Two EU procedures target Google under the DMA
On January 27, 2026, the European Commission opened two specification procedures under the Digital Markets Act, each addressing a distinct DMA obligation. The first, under Article 6(7), requires Google to ensure third parties have “free and effective interoperability” with the Android hardware and software features that Gemini currently uses exclusively. The second, under Article 6(11), would force Google to share anonymized search data with competing search engines and AI providers on fair, reasonable, and non-discriminatory terms.
On April 16, the Commission published preliminary conclusions on the data-sharing procedure in a 29-page document that outlines which data should be passed, how it must be anonymized, and the audit regime that would govern it. A public consultation ran until May 1. The Android interoperability process is moving on a parallel timeline, with conclusions said to be imminent.
What this would mean for Android users
Practically speaking, opening Android to rival AI assistants could let any user set ChatGPT or Claude as the system default assistant with the same privileges Gemini has now. That would include voice activation, access to always-on features, and deep integration with apps such as Gmail and Google Calendar — capabilities that competitors currently cannot match.
Brussels’ position is straightforward. A company that controls roughly 65 percent of mobile operating systems in Europe should not be the sole arbiter of which AI speaks to a phone.
The regulatory clock and Google’s Gemini rollout
The timing of the dispute is notable. Google completed the transition from Google Assistant to Gemini on Android devices in March 2026, just as the DMA specification procedures picked up pace. Each software update deepens Gemini’s integration into the ecosystem, complicating regulators’ work as the binding decision deadline approaches.

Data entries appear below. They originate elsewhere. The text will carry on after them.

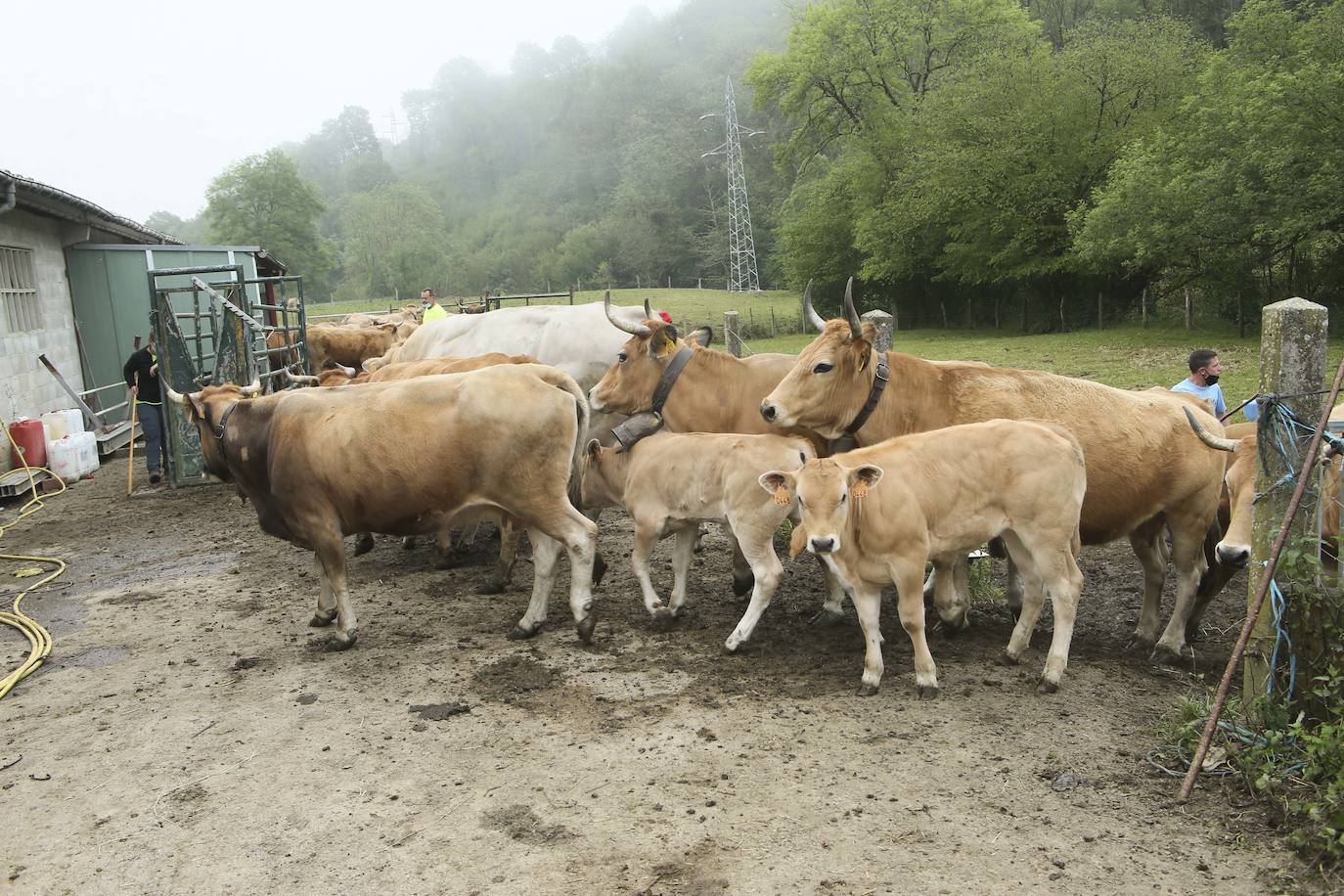 Más de ochenta vacas han ocupado las calles de San Julián, en Bimenes. Las reses han sido dirigidas por más de una decena de pastores hasta los pastos del monte de Peñamayor 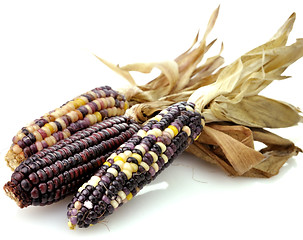 Image showing Colorful Dry Corn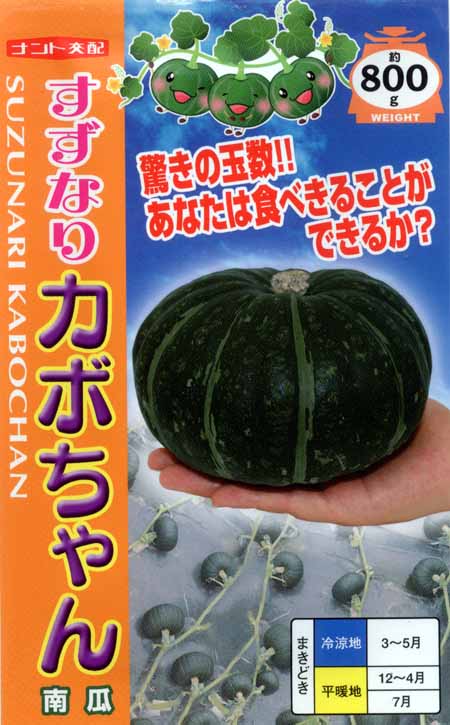 一代交配 すずなりカボちゃん 南瓜 市川種苗店 一代交配 すずなりカボちゃん 南瓜 市川種苗店
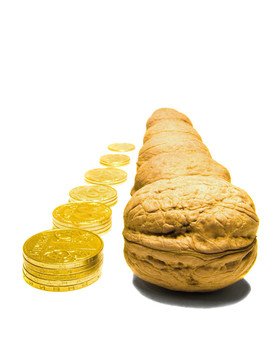 螺母和金錢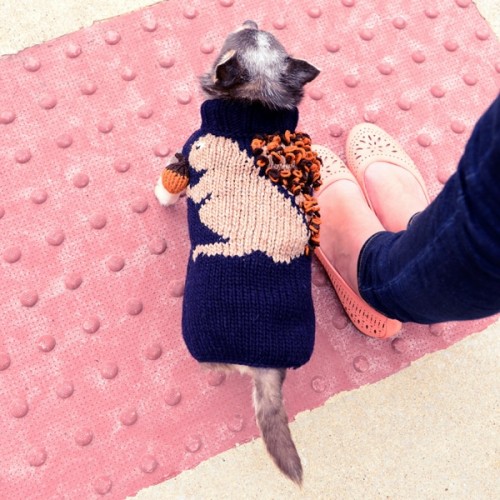 A dog wearing the squirrel dog sweater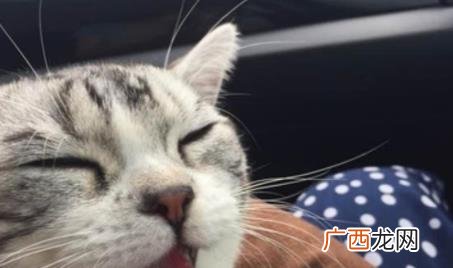 自驾带猫咪长时间坐车怎么办 带猫坐车怎么让猫不叫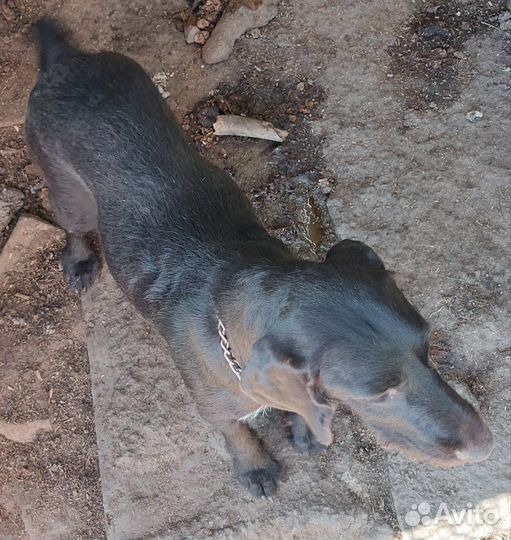 Продается дратхаар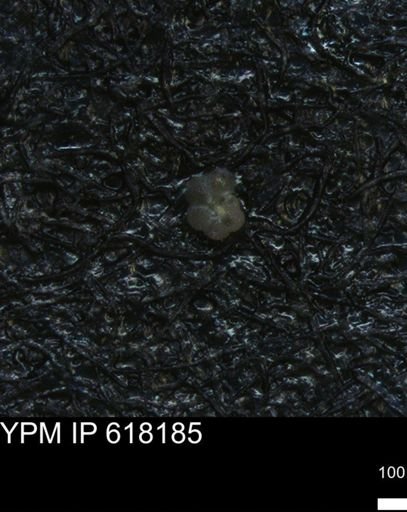 undet. Rugoglobigerinidae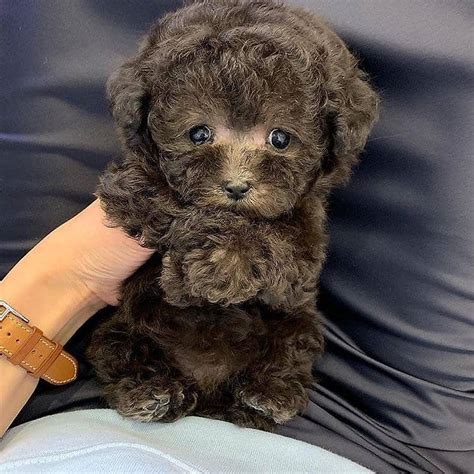 Poodle Cute Teacup Poodle Puppies For Sale Dogs For Sale Price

The Commission must adopt a binding decision by July 27, 2026. If Google fails to comply, the Commission can open a formal investigation that may lead to fines of up to 10 percent of global annual turnover.
Google’s objections and the real risks at stake
Google has pushed back. The company says the measures could “undermine user privacy, security, and innovation,” and argues the proposed data-sharing rules would require ineffective anonymization that increases data volumes and risks user privacy to meet what it calls “unbounded demands from competitors.”
Those concerns are not without merit. Granting any AI provider access to features such as wake-word detection and on-screen content reading broadens the attack surface. How auditors will verify real-world compliance with anonymization obligations remains an open question for Brussels.
There is also a legitimate market tension. OpenAI and Anthropic, the firms most likely to benefit, are for-profit companies with commercial interests comparable to Google’s.
A precedent with global reach
The July decision will not be confined to the EU. The UK Competition and Markets Authority is watching closely, and regulatory pressure in the United States, though less structured, is growing inside Congress.
If Brussels confirms that the Digital Markets Act can require meaningful, not merely formal, opening of Android to rival assistants, it will create a model other regulators could adapt. The real test will be implementation, not the decision itself.